Coube ao jornalista Católico e activista da oposição Mazowiecki ser o primeiro primeiro-ministro não-Comunista da Polónia moderna e começar o caminho para a recuperação. Embora tenha ocupado o cargo durante menos de 17 meses, de Agosto de 1989 a Janeiro de 1991, ele conseguiu colocar a Polónia num caminho para a economia de mercado e para a adesão à OTAN e à União Europeia.

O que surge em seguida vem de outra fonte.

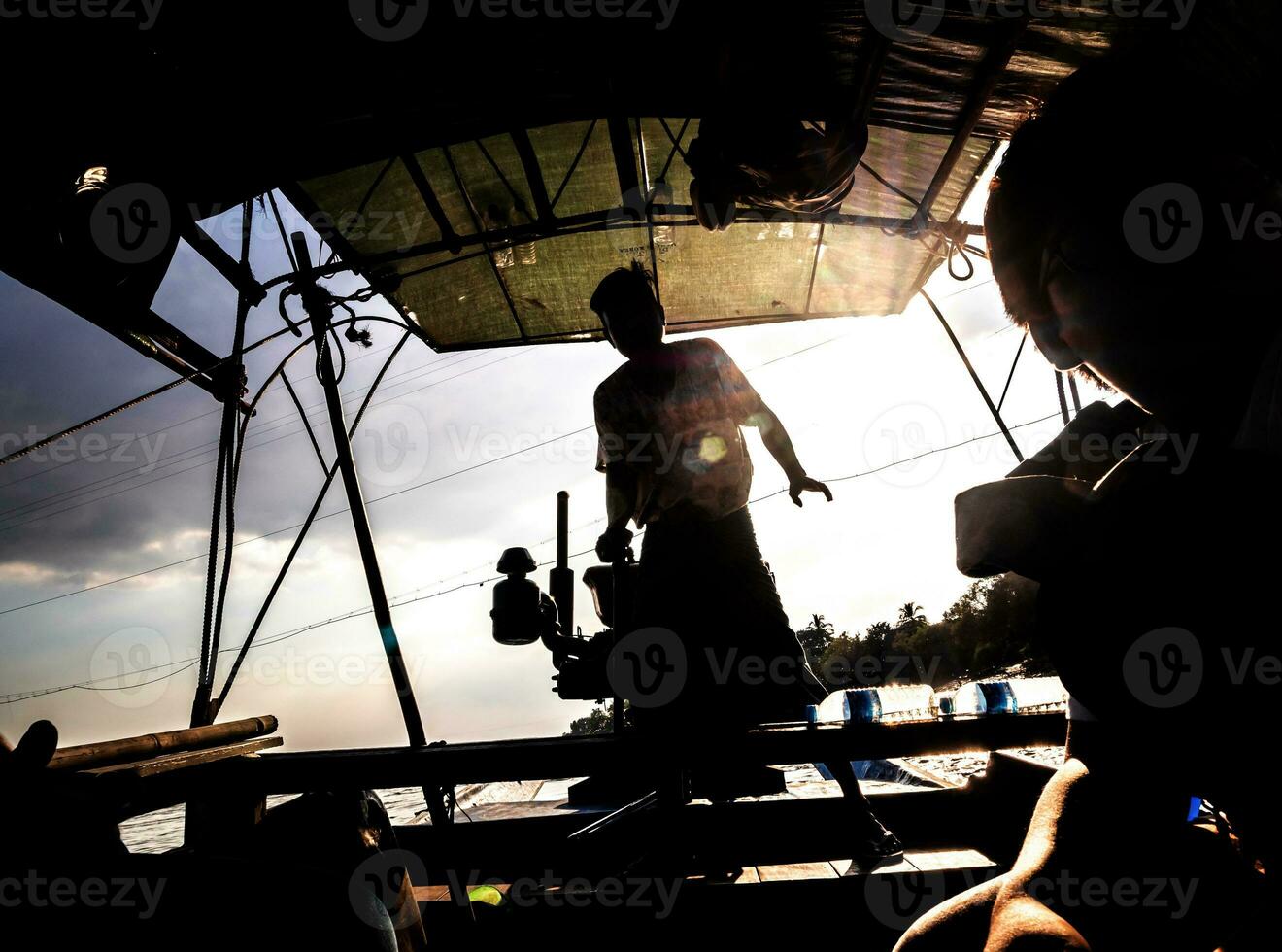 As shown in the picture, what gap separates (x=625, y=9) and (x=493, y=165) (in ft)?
5.41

Nas últimas semanas do regime Comunista, Mazowiecki ajudou a estabelecer um modelo para a transição política negociada que ainda hoje informa, inspira e guia outras sociedades que se encontrem na cúspide da mudança. Sinto-me orgulhoso porque a Polónia, graças à experiência ganha nos anos de Mazowiecki e posteriores, pode dar conselhos aos seus vizinhos orientais e meridionais da União Europeia, bem como a países como a Tunísia e a Birmânia.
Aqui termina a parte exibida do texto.